The glimpse method provides a summary of each cross-validation fold, including the start and end dates of the training and forecast periods.

2.4 Step 4: Plot the Cross-Validation Splits

You can visualize how the data is split for training and testing:

# Plot the cross-validation splits
tscv.plot(
    walmart_sales_df['Weekly_Sales'], 
    time_series=walmart_sales_df['Date']
)

This plot will show each fold, illustrating which weeks are used for training and which weeks are used for forecasting.

3 Part 2: Using `TimeSeriesCVSplitter` for Model Evaluation with Scikit Learn

When evaluating a model’s predictive performance on time series data, we need to split the data in a way that respects the order of time within the Scikit Learn framework. We use a custom splitter, TimeSeriesCVSplitter, from the pytimetk library to handle this.

3.1 Step 1: Setting Up the `TimeSeriesCVSplitter`

The TimeSeriesCVSplitter helps us divide our dataset into training and forecast sets in a rolling window fashion. Here’s how we configure it:

from pytimetk.crossvalidation import TimeSeriesCVSplitter
from sklearn.ensemble import RandomForestRegressor
from sklearn.model_selection import cross_val_score

# Set up TimeSeriesCVSplitter
cv_splitter = TimeSeriesCVSplitter(
    time_series=walmart_sales_df['Date'],
    frequency="weeks",
    train_size=52*2,
    forecast_horizon=12,
    gap=0,
    stride=4,
    window="rolling",
    mode="backward",
    split_limit = 5
)

# Visualize the TSCV Strategy
cv_splitter.splitter.plot(walmart_sales_df['Weekly_Sales'], walmart_sales_df['Date'])

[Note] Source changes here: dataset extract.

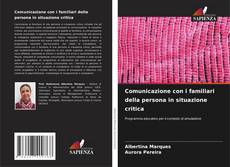 Bookcover of Comunicazione con i familiari della persona in situazione critica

The TimeSeriesCVSplitter creates multiple splits of the time series data, allowing us to validate the model across different periods. By visualizing the cross-validation strategy, we can see how the training and forecast sets are structured.

3.2 Step 2: Feature Engineering for Time Series Data

Effective feature engineering can significantly impact the performance of a time series model. Using pytimetk, we extract a variety of features from the Date column.

Generating Time Series Features

We use get_timeseries_signature to generate useful features, such as year, quarter, month, and day-of-week indicators.

# Prepare data for modeling

# Extract time series features from the 'Date' column
X_time_features = tk.get_timeseries_signature(walmart_sales_df['Date'])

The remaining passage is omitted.